Short descriptive text snippets:
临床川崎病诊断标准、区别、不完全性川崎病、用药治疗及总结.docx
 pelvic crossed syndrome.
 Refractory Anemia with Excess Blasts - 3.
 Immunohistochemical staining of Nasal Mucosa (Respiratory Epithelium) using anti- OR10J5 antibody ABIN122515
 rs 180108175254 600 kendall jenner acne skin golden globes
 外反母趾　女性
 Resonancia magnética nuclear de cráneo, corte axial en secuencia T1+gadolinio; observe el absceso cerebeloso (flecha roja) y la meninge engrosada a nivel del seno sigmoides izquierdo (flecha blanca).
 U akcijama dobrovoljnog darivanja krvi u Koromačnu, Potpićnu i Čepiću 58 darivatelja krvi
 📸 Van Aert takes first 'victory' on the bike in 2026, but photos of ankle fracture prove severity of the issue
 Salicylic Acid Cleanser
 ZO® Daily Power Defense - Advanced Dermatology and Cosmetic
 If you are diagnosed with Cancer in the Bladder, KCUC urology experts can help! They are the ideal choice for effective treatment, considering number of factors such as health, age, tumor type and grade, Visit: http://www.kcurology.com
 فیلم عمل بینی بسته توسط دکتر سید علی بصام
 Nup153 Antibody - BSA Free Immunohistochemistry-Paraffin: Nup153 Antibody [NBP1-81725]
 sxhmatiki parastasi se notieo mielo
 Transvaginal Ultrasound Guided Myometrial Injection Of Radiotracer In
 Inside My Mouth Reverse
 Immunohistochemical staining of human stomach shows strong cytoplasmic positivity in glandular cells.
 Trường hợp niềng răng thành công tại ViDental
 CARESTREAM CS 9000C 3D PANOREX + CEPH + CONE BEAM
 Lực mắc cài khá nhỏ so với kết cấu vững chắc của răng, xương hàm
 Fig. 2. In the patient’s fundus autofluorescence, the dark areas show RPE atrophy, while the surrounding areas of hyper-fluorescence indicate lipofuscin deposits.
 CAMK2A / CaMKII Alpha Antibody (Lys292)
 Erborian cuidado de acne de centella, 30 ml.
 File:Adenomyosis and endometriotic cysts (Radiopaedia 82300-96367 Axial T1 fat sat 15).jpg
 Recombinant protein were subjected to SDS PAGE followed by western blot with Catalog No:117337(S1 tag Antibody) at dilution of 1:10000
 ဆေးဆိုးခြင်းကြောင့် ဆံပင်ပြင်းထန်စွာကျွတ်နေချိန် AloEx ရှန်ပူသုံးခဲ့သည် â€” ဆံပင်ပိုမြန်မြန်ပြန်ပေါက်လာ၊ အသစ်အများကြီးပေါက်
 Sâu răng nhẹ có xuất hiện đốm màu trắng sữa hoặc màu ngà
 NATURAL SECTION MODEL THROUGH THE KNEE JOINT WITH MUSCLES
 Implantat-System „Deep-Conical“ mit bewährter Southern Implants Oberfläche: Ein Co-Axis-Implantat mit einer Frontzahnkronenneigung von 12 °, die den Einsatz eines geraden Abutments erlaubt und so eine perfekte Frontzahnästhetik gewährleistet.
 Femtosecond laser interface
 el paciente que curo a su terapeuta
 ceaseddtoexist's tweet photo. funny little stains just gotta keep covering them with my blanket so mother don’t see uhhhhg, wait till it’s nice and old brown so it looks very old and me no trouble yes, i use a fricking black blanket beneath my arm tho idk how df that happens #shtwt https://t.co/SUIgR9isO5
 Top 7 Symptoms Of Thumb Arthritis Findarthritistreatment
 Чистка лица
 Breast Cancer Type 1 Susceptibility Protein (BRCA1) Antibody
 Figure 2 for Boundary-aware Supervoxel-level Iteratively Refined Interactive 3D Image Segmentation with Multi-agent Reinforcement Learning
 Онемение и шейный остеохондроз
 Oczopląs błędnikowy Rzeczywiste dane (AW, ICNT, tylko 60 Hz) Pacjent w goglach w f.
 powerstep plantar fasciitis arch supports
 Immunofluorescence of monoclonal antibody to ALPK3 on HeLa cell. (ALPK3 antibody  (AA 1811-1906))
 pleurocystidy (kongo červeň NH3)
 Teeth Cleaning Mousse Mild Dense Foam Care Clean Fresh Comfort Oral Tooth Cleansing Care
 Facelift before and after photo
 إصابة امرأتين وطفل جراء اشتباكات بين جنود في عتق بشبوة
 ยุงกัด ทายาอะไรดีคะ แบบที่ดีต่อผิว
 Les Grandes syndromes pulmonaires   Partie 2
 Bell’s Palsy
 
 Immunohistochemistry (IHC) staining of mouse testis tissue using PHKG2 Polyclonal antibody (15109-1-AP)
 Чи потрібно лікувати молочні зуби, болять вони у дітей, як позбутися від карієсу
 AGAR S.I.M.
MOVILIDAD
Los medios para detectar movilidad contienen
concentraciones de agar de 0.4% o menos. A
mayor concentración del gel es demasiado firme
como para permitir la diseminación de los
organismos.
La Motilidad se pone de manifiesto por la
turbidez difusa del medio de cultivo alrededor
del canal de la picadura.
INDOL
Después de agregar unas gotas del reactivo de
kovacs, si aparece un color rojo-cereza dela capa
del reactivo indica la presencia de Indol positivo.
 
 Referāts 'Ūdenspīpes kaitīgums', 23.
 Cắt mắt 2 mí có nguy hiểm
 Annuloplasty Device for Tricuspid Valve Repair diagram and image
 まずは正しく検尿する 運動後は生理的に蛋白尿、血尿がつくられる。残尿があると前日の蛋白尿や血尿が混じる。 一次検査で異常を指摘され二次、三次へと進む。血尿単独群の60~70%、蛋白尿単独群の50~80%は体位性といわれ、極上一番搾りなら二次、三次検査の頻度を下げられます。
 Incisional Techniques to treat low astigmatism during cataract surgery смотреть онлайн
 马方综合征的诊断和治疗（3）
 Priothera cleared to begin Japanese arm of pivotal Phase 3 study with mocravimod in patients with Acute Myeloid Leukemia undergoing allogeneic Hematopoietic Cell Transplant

**Work item**
Take the lines above from the one containing "إصابة امرأتين وطفل" to the one containing "concentraciones de agar de 0.4% o menos. A" and retype them exactly, both ends included, with nothing added.

**Solution below**
 إصابة امرأتين وطفل جراء اشتباكات بين جنود في عتق بشبوة
 ยุงกัด ทายาอะไรดีคะ แบบที่ดีต่อผิว
 Les Grandes syndromes pulmonaires   Partie 2
 Bell’s Palsy
 
 Immunohistochemistry (IHC) staining of mouse testis tissue using PHKG2 Polyclonal antibody (15109-1-AP)
 Чи потрібно лікувати молочні зуби, болять вони у дітей, як позбутися від карієсу
 AGAR S.I.M.
MOVILIDAD
Los medios para detectar movilidad contienen
concentraciones de agar de 0.4% o menos. A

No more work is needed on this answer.